Insieme a Silvio Berlusconi il trasformista Sergio De Gregorio confessa ai pm di Napoli di «avere combattuto una guerra», perché «il problema di Berlusconi era immaginare che Prodi, che aveva prevalso per una manciata di voti, lo mandava a casa».

De Gregorio spiega che Berlusconi «era deciso ad individuare il malessere di alcuni senatori, di alcuni deputati che potevano determinare l'evento finale».
L'inchiesta mette in evidenza un sistema di corruzione, che per i pm sarebbe stato messo in atto da Berlusconi, Lavitola e De Gregorio. Quest'ultimo ammette di aver ricevuto dall'ex presidente del consiglio, tramite l'ex direttore de L'avanti, due milioni di euro in nero e in contanti in diverse tranche.

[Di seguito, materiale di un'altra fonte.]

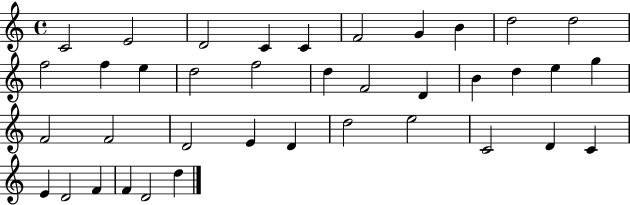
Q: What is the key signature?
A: C major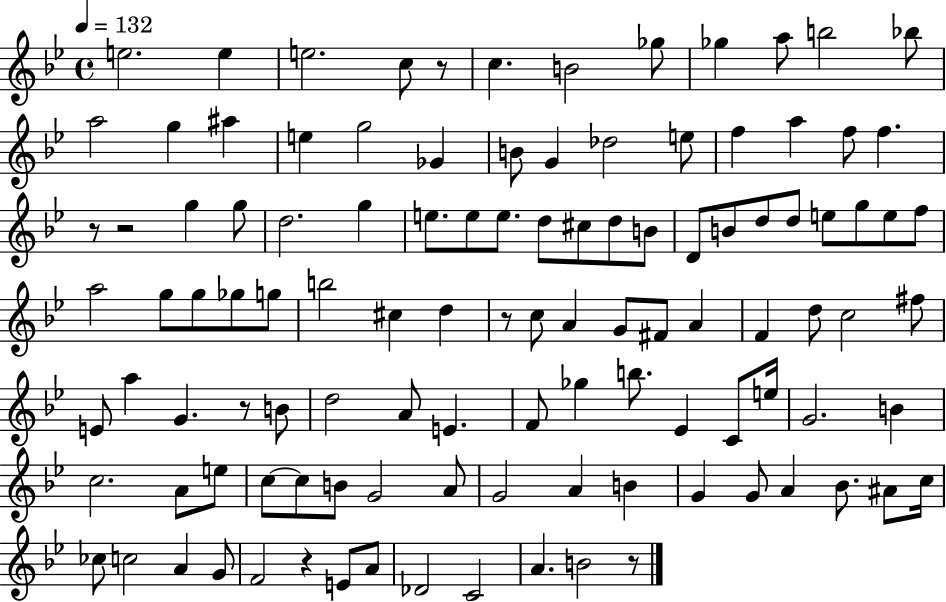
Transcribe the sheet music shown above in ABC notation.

X:1
T:Untitled
M:4/4
L:1/4
K:Bb
e2 e e2 c/2 z/2 c B2 _g/2 _g a/2 b2 _b/2 a2 g ^a e g2 _G B/2 G _d2 e/2 f a f/2 f z/2 z2 g g/2 d2 g e/2 e/2 e/2 d/2 ^c/2 d/2 B/2 D/2 B/2 d/2 d/2 e/2 g/2 e/2 f/2 a2 g/2 g/2 _g/2 g/2 b2 ^c d z/2 c/2 A G/2 ^F/2 A F d/2 c2 ^f/2 E/2 a G z/2 B/2 d2 A/2 E F/2 _g b/2 _E C/2 e/4 G2 B c2 A/2 e/2 c/2 c/2 B/2 G2 A/2 G2 A B G G/2 A _B/2 ^A/2 c/4 _c/2 c2 A G/2 F2 z E/2 A/2 _D2 C2 A B2 z/2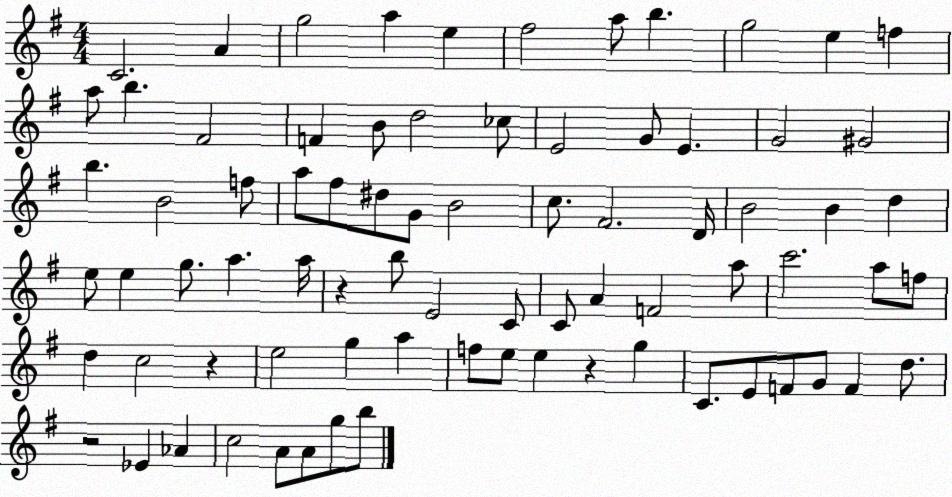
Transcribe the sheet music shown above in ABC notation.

X:1
T:Untitled
M:4/4
L:1/4
K:G
C2 A g2 a e ^f2 a/2 b g2 e f a/2 b ^F2 F B/2 d2 _c/2 E2 G/2 E G2 ^G2 b B2 f/2 a/2 ^f/2 ^d/2 G/2 B2 c/2 ^F2 D/4 B2 B d e/2 e g/2 a a/4 z b/2 E2 C/2 C/2 A F2 a/2 c'2 a/2 f/2 d c2 z e2 g a f/2 e/2 e z g C/2 E/2 F/2 G/2 F d/2 z2 _E _A c2 A/2 A/2 g/2 b/2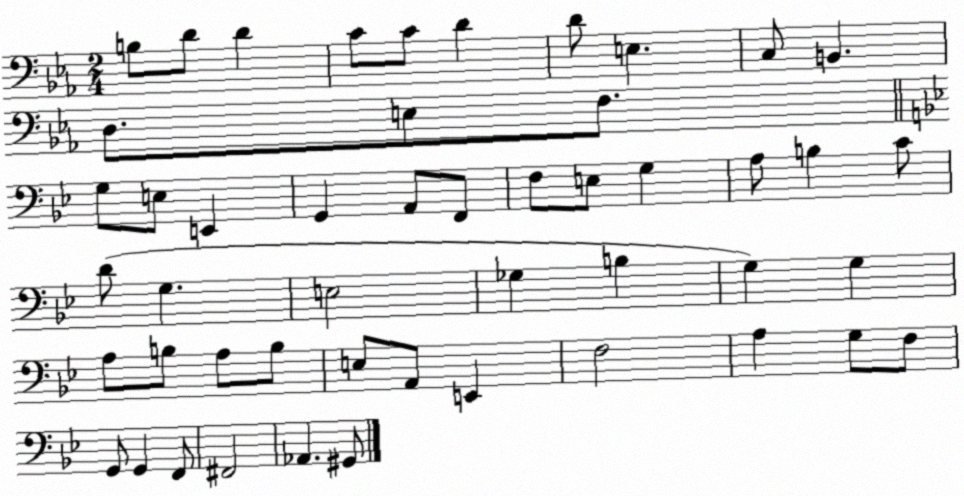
X:1
T:Untitled
M:2/4
L:1/4
K:Eb
B,/2 D/2 D C/2 C/2 D D/2 E, C,/2 B,, D,/2 E,/2 F,/2 G,/2 E,/2 E,, G,, A,,/2 F,,/2 F,/2 E,/2 G, A,/2 B, C/2 D/2 G, E,2 _G, B, G, G, A,/2 B,/2 A,/2 B,/2 E,/2 A,,/2 E,, F,2 A, G,/2 F,/2 G,,/2 G,, F,,/2 ^F,,2 _A,, ^G,,/2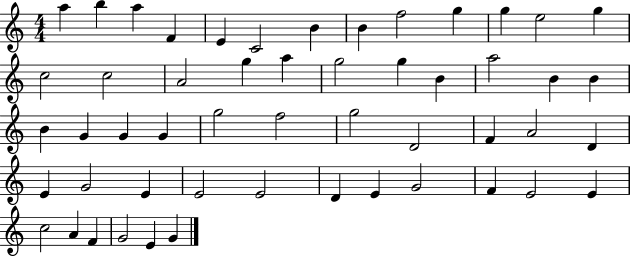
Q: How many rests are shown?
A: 0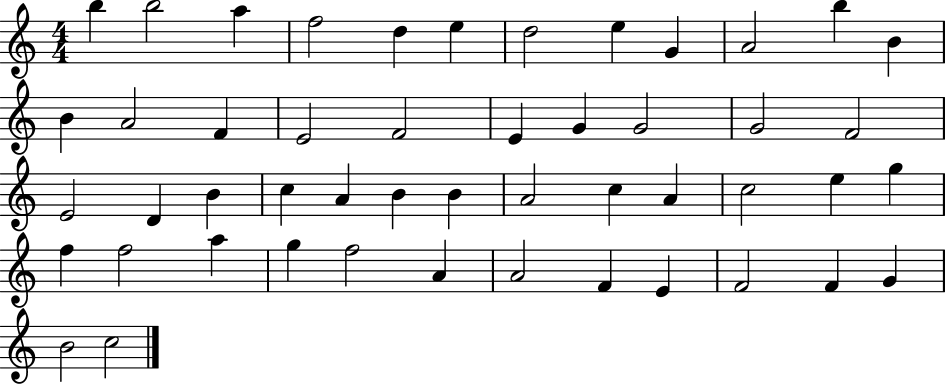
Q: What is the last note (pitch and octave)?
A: C5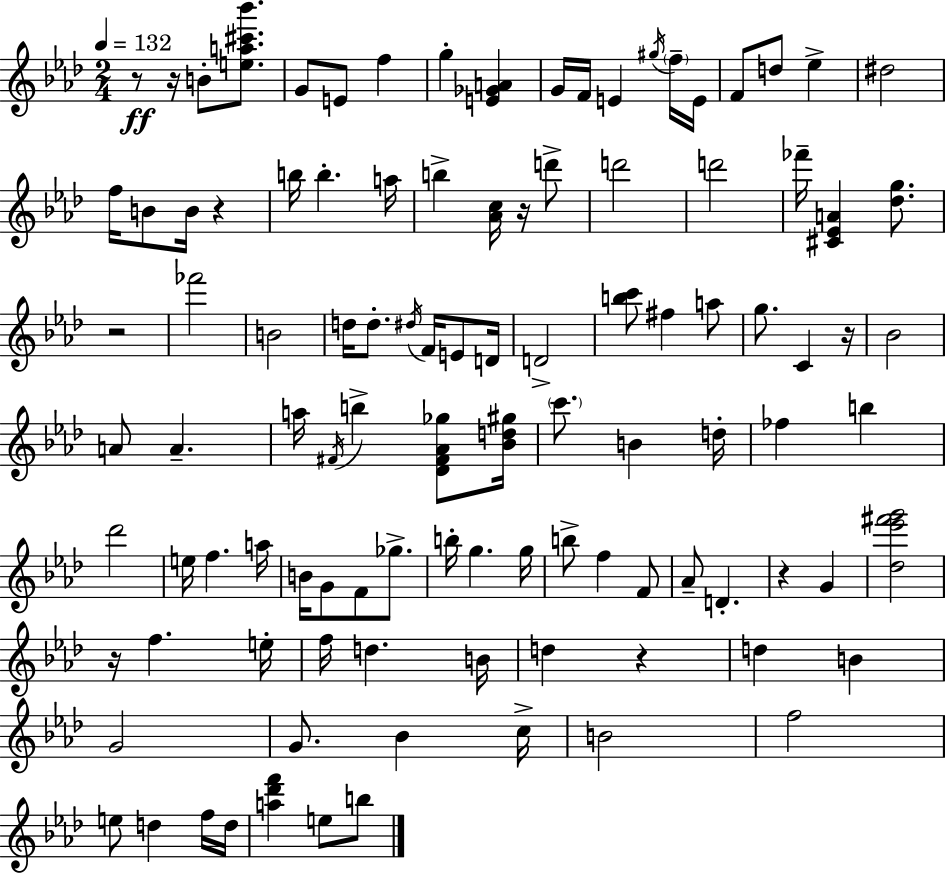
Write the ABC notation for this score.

X:1
T:Untitled
M:2/4
L:1/4
K:Ab
z/2 z/4 B/2 [ea^c'_b']/2 G/2 E/2 f g [E_GA] G/4 F/4 E ^g/4 f/4 E/4 F/2 d/2 _e ^d2 f/4 B/2 B/4 z b/4 b a/4 b [_Ac]/4 z/4 d'/2 d'2 d'2 _f'/4 [^C_EA] [_dg]/2 z2 _f'2 B2 d/4 d/2 ^d/4 F/4 E/2 D/4 D2 [bc']/2 ^f a/2 g/2 C z/4 _B2 A/2 A a/4 ^F/4 b [_D^F_A_g]/2 [_Bd^g]/4 c'/2 B d/4 _f b _d'2 e/4 f a/4 B/4 G/2 F/2 _g/2 b/4 g g/4 b/2 f F/2 _A/2 D z G [_d_e'^f'g']2 z/4 f e/4 f/4 d B/4 d z d B G2 G/2 _B c/4 B2 f2 e/2 d f/4 d/4 [a_d'f'] e/2 b/2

L'accordo che De Gregorio aveva stabilito con Berlusconi era a conoscenza non solo Lavitola, ma secondo il politico anche Marcello Dell'Utri. A questo proposito racconta che fra giugno e luglio scorso i due politici si sono incontrati in un albergo di Roma e De gregorio rivolgendosi a Dell'Utri gli ha detto: «Marcello, voglio soltanto dirti quali sono le cose che io ho fatto pe ril presidente Berlusconi, in base alle quali credo, non dovendomi e non volendomi candidare, credi di meritare in qualche modo un riconoscimento per il mio futuro, per la mia vita futura, perché questa vicenda giudiziaria mi auguro finirà».

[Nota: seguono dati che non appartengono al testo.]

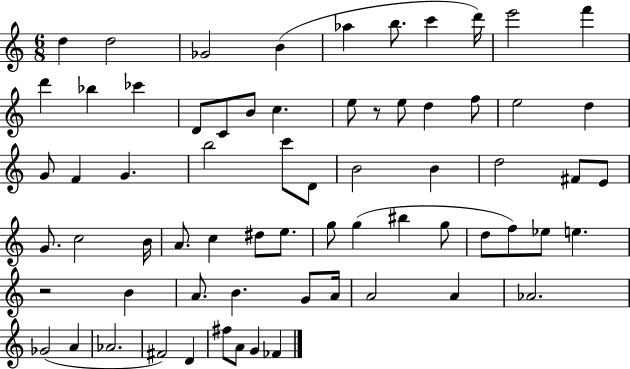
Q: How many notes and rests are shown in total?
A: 68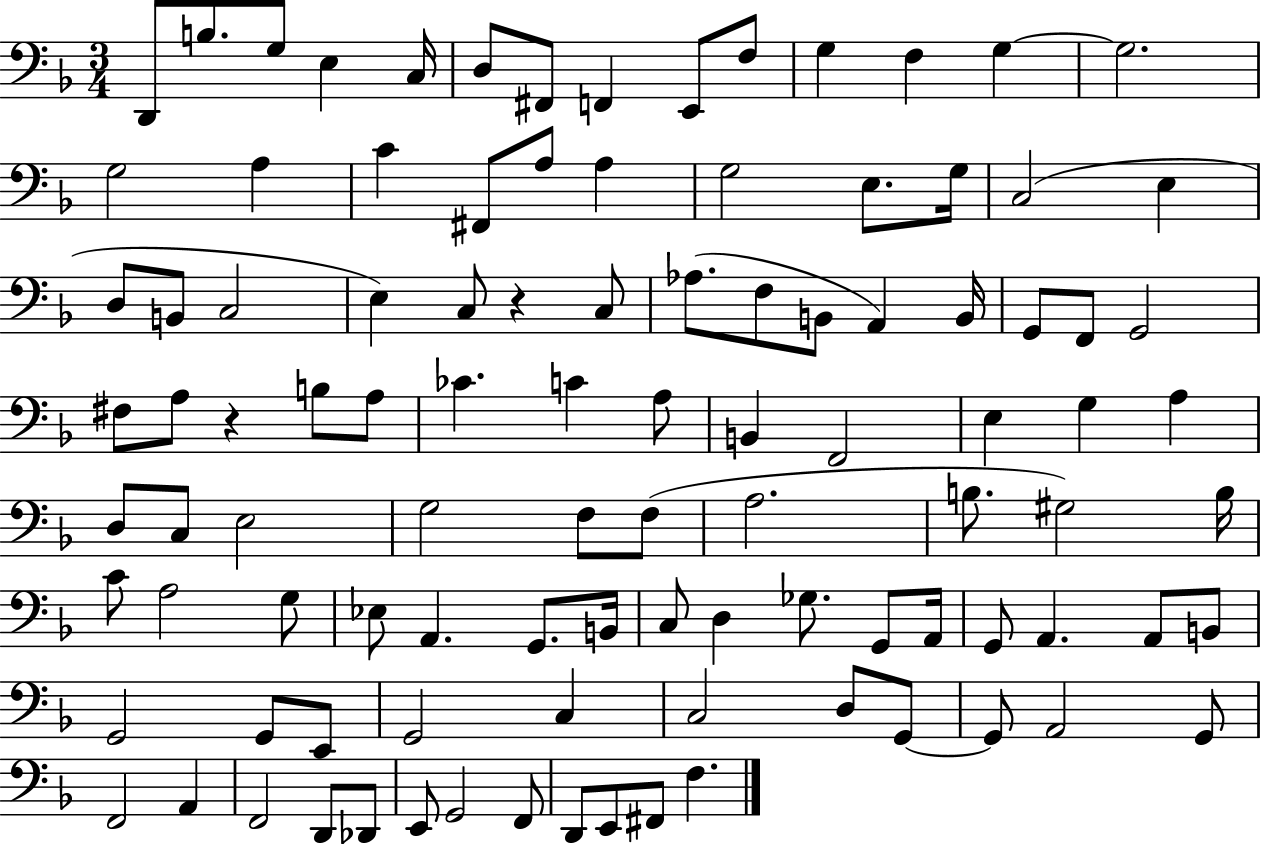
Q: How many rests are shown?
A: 2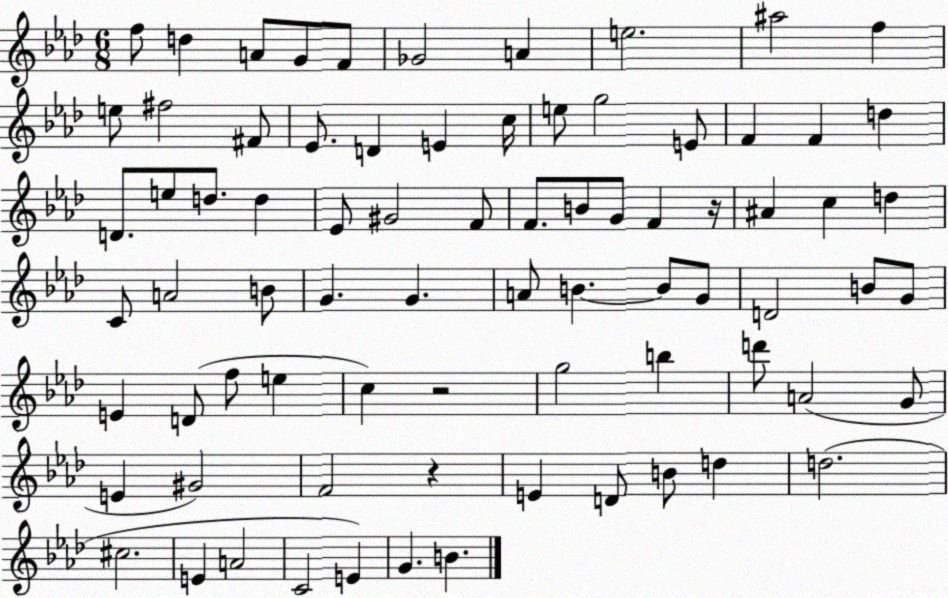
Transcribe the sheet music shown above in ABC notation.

X:1
T:Untitled
M:6/8
L:1/4
K:Ab
f/2 d A/2 G/2 F/2 _G2 A e2 ^a2 f e/2 ^f2 ^F/2 _E/2 D E c/4 e/2 g2 E/2 F F d D/2 e/2 d/2 d _E/2 ^G2 F/2 F/2 B/2 G/2 F z/4 ^A c d C/2 A2 B/2 G G A/2 B B/2 G/2 D2 B/2 G/2 E D/2 f/2 e c z2 g2 b d'/2 A2 G/2 E ^G2 F2 z E D/2 B/2 d d2 ^c2 E A2 C2 E G B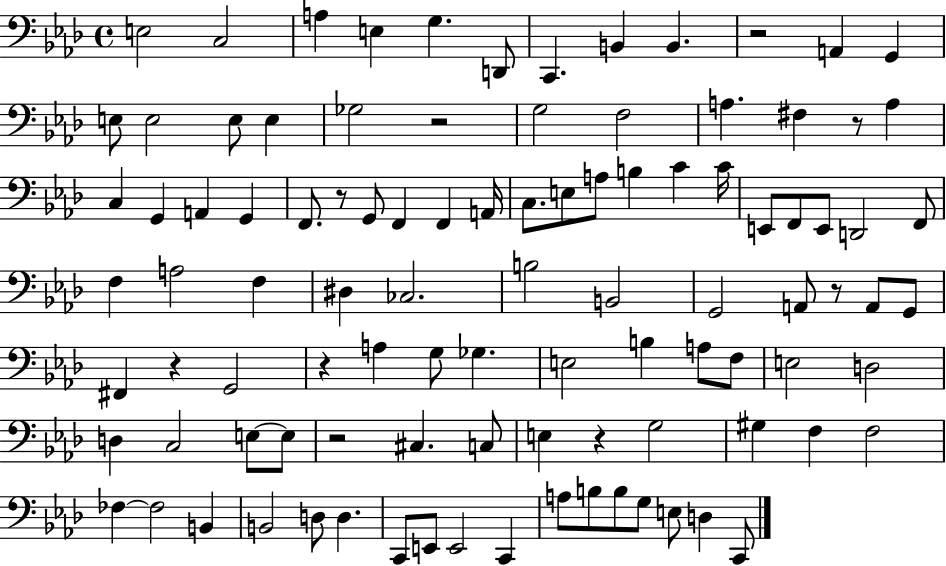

Nelle storie che ricostruisce De Gregorio sull'accordo con Berlusconi ci sono retroscena curiosi, come quando il politico venne ricoverato per dei calcoli renali. «E proprio in quei giorni si verificò la circostanza che il governo Prodi metteva la fiducia, che io dissi che non avrei votato. Essendo in ospedlae, il presidente Berlusconi ritenne, con Lavitola, di venirmi a trovare, per darmi la sua solidarietà. Fu particolarmente clamorosa questa visita, il presidente mi venne a salutare e io gli dissi che sarei andato a votare anche in barella. E infatti, mi feci accompagnare in barella, in aula e votare contro la fiducia al governo Prodi».

De Gregorio, dopo aver ricordato che i rapporti numerici tra maggioranza e opposizione al Senato erano di 158 a 156, aggiunge che «ciò faceva ovviamente immaginare la possibilità di ribaltare gli elementi numerici e ricordo bene che già dopo il voto che mi vide eletto presidente della Commissione Difesa, discussi a palazzo Grazioli con Berlusconi di una strategia di sabotaggio, della quale mi intesto tutta la responsabilità».